Input data:
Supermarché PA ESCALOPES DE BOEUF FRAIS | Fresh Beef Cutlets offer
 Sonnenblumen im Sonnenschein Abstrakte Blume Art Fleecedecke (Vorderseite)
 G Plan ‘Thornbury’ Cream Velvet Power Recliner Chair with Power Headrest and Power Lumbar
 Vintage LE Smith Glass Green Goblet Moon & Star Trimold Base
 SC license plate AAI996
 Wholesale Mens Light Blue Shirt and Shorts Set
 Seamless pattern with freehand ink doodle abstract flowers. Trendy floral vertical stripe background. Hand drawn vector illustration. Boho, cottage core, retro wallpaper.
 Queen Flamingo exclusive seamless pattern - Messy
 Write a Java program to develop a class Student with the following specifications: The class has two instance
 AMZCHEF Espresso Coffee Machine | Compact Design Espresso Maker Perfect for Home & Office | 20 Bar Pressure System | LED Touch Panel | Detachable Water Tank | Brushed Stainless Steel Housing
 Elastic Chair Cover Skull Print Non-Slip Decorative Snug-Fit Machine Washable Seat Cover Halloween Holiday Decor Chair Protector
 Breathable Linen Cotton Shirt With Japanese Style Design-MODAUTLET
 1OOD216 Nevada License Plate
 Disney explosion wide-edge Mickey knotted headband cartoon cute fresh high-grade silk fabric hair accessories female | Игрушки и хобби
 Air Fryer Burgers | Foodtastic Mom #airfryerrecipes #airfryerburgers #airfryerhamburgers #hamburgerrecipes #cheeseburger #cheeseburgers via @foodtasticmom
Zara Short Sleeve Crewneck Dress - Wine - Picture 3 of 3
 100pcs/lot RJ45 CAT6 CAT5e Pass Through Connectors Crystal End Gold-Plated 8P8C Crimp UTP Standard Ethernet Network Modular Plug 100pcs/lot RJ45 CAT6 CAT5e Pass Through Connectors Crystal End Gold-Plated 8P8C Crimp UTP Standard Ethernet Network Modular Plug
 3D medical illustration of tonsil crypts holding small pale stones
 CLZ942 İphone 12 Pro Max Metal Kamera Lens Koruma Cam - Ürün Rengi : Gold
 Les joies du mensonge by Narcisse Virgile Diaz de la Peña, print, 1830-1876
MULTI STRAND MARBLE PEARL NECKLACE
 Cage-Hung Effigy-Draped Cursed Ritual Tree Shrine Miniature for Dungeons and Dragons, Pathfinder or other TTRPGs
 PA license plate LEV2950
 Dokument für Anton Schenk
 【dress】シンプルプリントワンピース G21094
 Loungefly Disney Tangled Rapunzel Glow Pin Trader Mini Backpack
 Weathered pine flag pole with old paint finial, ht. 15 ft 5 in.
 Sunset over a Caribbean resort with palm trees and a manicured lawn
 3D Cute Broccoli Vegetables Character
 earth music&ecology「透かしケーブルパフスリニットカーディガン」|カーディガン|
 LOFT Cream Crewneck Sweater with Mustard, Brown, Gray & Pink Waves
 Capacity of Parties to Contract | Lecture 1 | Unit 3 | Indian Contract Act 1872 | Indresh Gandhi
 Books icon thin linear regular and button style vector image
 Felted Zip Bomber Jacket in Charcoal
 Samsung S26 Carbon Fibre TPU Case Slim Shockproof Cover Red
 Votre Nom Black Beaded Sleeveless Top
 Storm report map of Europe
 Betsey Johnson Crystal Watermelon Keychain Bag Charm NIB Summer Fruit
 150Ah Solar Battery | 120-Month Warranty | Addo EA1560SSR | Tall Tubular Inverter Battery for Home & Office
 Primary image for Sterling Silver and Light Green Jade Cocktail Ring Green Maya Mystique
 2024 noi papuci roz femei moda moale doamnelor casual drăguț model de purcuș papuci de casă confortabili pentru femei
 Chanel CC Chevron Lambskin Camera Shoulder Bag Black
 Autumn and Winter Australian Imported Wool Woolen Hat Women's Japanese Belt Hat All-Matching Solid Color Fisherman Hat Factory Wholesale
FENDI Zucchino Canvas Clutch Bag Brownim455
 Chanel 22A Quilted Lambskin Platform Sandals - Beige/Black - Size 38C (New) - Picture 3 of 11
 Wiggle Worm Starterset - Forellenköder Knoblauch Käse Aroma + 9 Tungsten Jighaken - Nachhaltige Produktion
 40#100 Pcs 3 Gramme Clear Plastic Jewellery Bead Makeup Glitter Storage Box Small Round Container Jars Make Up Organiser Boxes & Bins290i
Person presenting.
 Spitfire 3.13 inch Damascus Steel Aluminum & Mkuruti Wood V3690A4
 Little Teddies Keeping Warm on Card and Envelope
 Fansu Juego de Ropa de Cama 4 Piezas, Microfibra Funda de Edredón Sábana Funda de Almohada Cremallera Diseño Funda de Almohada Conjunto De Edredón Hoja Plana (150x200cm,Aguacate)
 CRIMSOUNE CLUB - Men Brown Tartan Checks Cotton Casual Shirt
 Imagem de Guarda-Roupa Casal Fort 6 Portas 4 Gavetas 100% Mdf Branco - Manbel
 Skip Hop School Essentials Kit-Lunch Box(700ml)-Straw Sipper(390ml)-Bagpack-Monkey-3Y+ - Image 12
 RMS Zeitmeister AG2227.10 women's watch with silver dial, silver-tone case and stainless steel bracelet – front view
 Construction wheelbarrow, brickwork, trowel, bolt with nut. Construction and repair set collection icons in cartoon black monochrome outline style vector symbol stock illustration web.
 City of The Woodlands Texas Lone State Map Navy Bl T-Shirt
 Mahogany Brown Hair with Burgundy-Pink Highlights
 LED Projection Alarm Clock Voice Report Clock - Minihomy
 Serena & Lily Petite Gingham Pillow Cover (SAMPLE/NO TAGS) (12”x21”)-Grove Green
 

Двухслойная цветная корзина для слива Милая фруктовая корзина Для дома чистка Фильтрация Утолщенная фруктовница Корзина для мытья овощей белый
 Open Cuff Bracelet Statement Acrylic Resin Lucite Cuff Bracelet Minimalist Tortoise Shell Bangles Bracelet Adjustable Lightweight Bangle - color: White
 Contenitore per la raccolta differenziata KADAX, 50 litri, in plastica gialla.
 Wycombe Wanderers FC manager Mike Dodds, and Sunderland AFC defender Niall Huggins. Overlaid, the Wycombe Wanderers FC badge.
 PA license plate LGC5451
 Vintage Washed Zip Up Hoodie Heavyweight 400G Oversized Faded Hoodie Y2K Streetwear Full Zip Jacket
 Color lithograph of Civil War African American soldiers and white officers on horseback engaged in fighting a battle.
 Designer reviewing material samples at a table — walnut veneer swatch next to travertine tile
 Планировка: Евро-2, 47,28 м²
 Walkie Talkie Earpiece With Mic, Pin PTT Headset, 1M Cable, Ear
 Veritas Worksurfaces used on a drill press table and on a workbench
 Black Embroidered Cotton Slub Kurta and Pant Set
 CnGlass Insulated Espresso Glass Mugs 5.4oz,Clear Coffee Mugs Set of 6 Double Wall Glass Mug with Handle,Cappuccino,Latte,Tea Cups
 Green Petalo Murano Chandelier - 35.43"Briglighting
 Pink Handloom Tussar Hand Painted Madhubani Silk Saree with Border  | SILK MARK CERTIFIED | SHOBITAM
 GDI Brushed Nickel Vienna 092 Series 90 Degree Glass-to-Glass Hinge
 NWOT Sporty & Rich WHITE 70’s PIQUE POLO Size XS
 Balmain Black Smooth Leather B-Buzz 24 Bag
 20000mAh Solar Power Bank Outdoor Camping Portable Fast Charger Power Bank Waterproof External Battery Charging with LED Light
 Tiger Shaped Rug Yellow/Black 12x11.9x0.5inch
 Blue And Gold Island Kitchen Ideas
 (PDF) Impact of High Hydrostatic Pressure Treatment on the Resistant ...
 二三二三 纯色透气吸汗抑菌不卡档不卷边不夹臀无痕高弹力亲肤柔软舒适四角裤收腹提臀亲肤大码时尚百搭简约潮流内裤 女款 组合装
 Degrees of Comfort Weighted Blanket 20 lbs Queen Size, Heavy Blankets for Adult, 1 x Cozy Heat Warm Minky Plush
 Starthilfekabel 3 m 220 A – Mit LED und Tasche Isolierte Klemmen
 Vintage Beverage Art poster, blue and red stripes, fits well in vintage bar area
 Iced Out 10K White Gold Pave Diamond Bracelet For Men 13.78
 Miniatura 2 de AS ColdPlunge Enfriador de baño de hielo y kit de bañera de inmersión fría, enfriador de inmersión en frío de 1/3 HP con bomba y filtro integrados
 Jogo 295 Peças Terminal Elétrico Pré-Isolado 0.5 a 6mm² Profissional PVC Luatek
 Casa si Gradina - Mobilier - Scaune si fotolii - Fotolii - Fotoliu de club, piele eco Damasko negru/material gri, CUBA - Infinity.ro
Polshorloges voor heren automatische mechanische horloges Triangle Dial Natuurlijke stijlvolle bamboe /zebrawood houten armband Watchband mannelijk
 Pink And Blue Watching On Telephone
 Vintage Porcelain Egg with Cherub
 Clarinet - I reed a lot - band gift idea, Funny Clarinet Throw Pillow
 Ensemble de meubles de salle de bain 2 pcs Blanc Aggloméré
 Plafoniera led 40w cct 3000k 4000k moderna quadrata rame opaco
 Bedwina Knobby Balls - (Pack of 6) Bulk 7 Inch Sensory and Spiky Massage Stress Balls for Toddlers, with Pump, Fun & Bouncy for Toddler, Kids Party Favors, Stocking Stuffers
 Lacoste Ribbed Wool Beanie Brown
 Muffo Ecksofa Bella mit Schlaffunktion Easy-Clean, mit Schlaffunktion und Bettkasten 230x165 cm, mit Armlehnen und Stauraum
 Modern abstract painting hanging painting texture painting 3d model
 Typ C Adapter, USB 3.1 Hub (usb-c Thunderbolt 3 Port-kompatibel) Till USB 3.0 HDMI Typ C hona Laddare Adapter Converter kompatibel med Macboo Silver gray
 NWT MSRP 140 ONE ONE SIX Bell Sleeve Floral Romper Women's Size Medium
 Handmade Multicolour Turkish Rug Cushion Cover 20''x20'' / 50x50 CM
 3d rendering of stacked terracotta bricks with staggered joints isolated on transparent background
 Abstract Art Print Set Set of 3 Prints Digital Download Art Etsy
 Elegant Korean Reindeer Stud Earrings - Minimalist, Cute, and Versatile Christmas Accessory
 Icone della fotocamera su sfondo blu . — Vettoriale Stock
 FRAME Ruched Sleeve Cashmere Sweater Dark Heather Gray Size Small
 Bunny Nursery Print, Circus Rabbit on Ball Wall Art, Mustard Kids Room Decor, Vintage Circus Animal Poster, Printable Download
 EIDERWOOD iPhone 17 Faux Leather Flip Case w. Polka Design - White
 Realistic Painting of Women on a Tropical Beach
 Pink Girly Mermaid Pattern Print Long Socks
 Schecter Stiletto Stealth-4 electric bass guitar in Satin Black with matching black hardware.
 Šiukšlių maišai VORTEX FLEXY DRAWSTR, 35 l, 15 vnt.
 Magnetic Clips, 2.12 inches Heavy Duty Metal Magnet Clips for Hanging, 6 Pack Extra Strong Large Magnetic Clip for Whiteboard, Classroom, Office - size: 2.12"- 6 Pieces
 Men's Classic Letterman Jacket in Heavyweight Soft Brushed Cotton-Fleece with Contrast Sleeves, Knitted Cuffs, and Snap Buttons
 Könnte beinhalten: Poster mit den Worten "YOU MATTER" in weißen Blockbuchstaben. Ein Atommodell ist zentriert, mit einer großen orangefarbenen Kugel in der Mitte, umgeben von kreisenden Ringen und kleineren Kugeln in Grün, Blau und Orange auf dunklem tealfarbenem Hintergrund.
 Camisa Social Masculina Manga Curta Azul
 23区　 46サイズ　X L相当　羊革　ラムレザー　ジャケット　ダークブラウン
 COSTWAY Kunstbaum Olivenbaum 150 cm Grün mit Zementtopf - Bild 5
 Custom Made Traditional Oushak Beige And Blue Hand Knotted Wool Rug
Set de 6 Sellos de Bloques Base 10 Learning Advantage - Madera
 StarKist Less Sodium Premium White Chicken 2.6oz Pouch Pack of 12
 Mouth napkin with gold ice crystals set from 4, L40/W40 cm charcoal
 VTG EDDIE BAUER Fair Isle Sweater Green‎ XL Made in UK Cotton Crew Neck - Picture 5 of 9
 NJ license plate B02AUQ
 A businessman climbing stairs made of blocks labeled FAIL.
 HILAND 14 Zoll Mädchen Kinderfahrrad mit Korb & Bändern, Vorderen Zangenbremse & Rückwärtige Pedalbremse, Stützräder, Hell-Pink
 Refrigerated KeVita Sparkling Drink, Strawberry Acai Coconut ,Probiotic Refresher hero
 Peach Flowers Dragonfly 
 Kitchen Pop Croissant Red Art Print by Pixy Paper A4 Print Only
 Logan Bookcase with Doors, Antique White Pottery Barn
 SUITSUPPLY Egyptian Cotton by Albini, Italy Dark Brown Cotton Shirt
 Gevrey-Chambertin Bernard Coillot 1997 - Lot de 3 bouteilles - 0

Task to complete: Reproduce exactly the stretch of the material above that starts at the line with "Loungefly Disney Tangled" and ends at the line with "FENDI Zucchino Canvas Clutch Bag Brownim455", both included, and nothing else.

Answer to the exercise:
 Loungefly Disney Tangled Rapunzel Glow Pin Trader Mini Backpack
 Weathered pine flag pole with old paint finial, ht. 15 ft 5 in.
 Sunset over a Caribbean resort with palm trees and a manicured lawn
 3D Cute Broccoli Vegetables Character
 earth music&ecology「透かしケーブルパフスリニットカーディガン」|カーディガン|
 LOFT Cream Crewneck Sweater with Mustard, Brown, Gray & Pink Waves
 Capacity of Parties to Contract | Lecture 1 | Unit 3 | Indian Contract Act 1872 | Indresh Gandhi
 Books icon thin linear regular and button style vector image
 Felted Zip Bomber Jacket in Charcoal
 Samsung S26 Carbon Fibre TPU Case Slim Shockproof Cover Red
 Votre Nom Black Beaded Sleeveless Top
 Storm report map of Europe
 Betsey Johnson Crystal Watermelon Keychain Bag Charm NIB Summer Fruit
 150Ah Solar Battery | 120-Month Warranty | Addo EA1560SSR | Tall Tubular Inverter Battery for Home & Office
 Primary image for Sterling Silver and Light Green Jade Cocktail Ring Green Maya Mystique
 2024 noi papuci roz femei moda moale doamnelor casual drăguț model de purcuș papuci de casă confortabili pentru femei
 Chanel CC Chevron Lambskin Camera Shoulder Bag Black
 Autumn and Winter Australian Imported Wool Woolen Hat Women's Japanese Belt Hat All-Matching Solid Color Fisherman Hat Factory Wholesale
FENDI Zucchino Canvas Clutch Bag Brownim455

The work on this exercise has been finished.